On Thursday February 7, Dexter.Filmore@gmx.de wrote:
> On Tuesday 05 February 2008 03:02:00 Neil Brown wrote:
> > On Monday February 4, Dexter.Filmore@gmx.de wrote:
> > > Seems the other topic wasn't quite clear...
> >
> > not necessarily.  sometimes it helps to repeat your question.  there
> > is a lot of noise on the internet and somethings important things get
> > missed... :-)
> >
> > > Occasionally a disk is kicked for being "non-fresh" - what does this mean
> > > and what causes it?
> >
> > The 'event' count is too small.
> > Every event that happens on an array causes the event count to be
> > incremented.
> 
> An 'event' here is any atomic action? Like "write byte there" or "calc XOR"?

An 'event' is
   - switch from clean to dirty
   - switch from dirty to clean
   - a device fails
   - a spare finishes recovery
things like that.

> 
> 
> > If the event counts on different devices differ by more than 1, then
> > the smaller number is 'non-fresh'.
> >
> > You need to look to the kernel logs of when the array was previously
> > shut down to figure out why it is now non-fresh.
> 
> The kernel logs show absolutely nothing. Log's fine, next time I boot up, one 
> disk is kicked, I got no clue why, badblocks is fine, smartctl is fine, selft 
> test fine, dmesg and /var/log/messages show nothing apart from that news that 
> the disk was kicked and mdadm -E doesn't say anything suspicious either.

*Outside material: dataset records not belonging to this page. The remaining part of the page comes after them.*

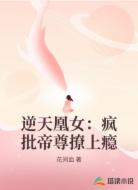 逆天凰女：疯批帝尊撩上瘾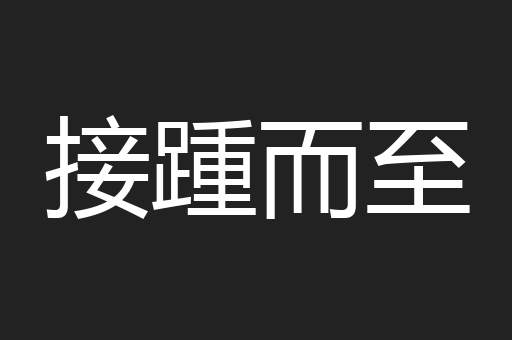 接踵而至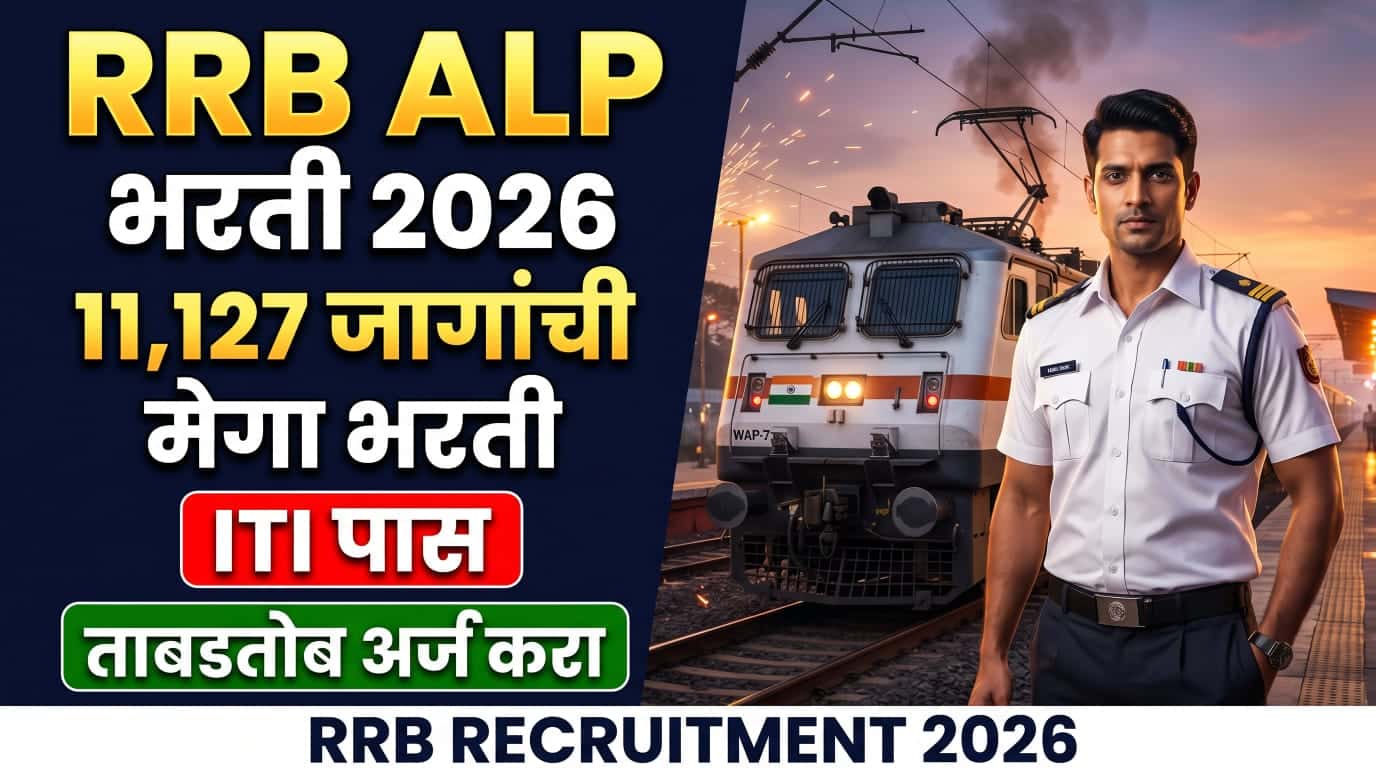 RRB ALP Bharti 2026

Can you get "mdadm -E" on all devices *before* attempting to assemble
the array?

> 
> Question: what events occured on the 3 other disks that didn't occur on the 
> last? It only happens after reboots, not while the machine is up so the 
> closest assumption is that the array is not properly shut down somehow during 
> system shutdown - only I wouldn't know why.

Yes, most likely is that the array didn't shut down properly.

> Box is Slackware 11.0, 11 doesn't come with raid script of its own so I hacked 
> them into the boot scripts myself and carefully watched that everything 
> accessing the array is down before mdadm --stop --scan is issued.
> No NFS, no Samba, no other funny daemons, disks are synced and so on.
> 
> I could write some failsafe inot it by checking if the event count is the same 
> on all disks before --stop, but even if it wasn't, I really wouldn't know 
> what to do about it.
> 
> (btw mdadm -E gives me:     Events : 0.1149316 - what's with the 0. ?)
> 

The events count is a 64bit number and for historical reasons it is
printed as 2 32bit numbers.  I agree this is ugly.

NeilBrown